I don't want to admit how many years I got out of my last board, because I'm sure people will make fun of the fact that I was riding a Kemper all the way to 2010.  Yes it was a late 90's Kemper FS, fairly stiff for it's day, lots of camber, and it actually made a great freeride board for all those years.

So if I get even 5 years out of a Kessler, at $1300 plus bindings (say $1800 all in), at 30+ days per season, that's just over $10 a day for board and bindings. Considering I got 15 years out of a Kemper and I don't take it easy on the hill (I do however watch for rocks), I should be able to get a long time out of a Kessler.

There's just no way in hell I'm spending $1300 without even touching and feeling the thing. The T7 wasn't cheap either, but I got everything end of season so I only paid $500 for the board, $275 for C60 EST bindings, and $200 for Driver X boots. Full setup for less than a grand.

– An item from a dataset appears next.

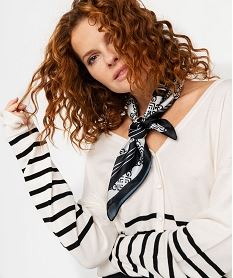 gilet fin raye a col v femme imprime giletsE625201_2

Anyway, thanks for the feedback guys...

Aaron


----------



## linvillegorge (Jul 6, 2009)

If I drop $1300 on a snowboard, it better jerk me off as I ride.


----------



## poutanen (Dec 22, 2011)

linvillegorge said:


> If I drop $1300 on a snowboard, it better jerk me off as I ride.


Lets see, my seasons pass this year was $900. I've already spent $120 on lift tickets for other destinations. I've spent $350 on lodging. Probably almost as much on meals. $120 on some new gear (body armour, don't laugh)... So over $1800 already and I'm only 1/3rd of the way into the season. It'd be way higher if I had to pay for gas! It's 220 km there and back to my closest mountain. Figure that costs about $20-25 in gas for one day.

I've got no problem paying the extra couple bucks a day if in fact that board is right for me! 

And nobody can call me a boutique board buyer or a burton fanboy, or I would have just gone with a Vapour which would make no sense for the riding I do.


----------



## lonerider (Apr 10, 2009)

poutanen said:


> Not me!!! I just want a stiff free-ride board that I can bomb with. So far the T7's been great, I've used it in all kinds of conditions and it certainly lives up to the hype. It was weird for the first couple runs riding a board that stiff however.
> 
> The Kessler Ride has the same profile of pretty much any other freeride board. It is a soft boot board. Directional shape and flex I believe, which is again the same as my T7. I only ride about 10% of the time fakie so that's fine by me. I'm just wondering if it's as stiff or stiffer than the T7, how the Titanal & Wood core would stand up to years of abuse compared to the Burton Alumafly core (aluminium honeycomb, similar construction to helicopter rotors or so I hear).
> 
> ...


They are probably a lot better now a day... but a couple of years ago Titanal (aluminum alloy) boards were noticeably less durable than standard wood/fiberglass construction because it was difficult to bond properly (hence more prone to delamination over). I haven't kept track on the last 4 years, so maybe they've solved that issue as at the time titanal was a new material being used... again I would try the BOL forums for more info. If they fixed the bonding... then the board should technically be more durable since it wouldn't gradually lose it's springiness like a wood/fiberglass board does over time.


----------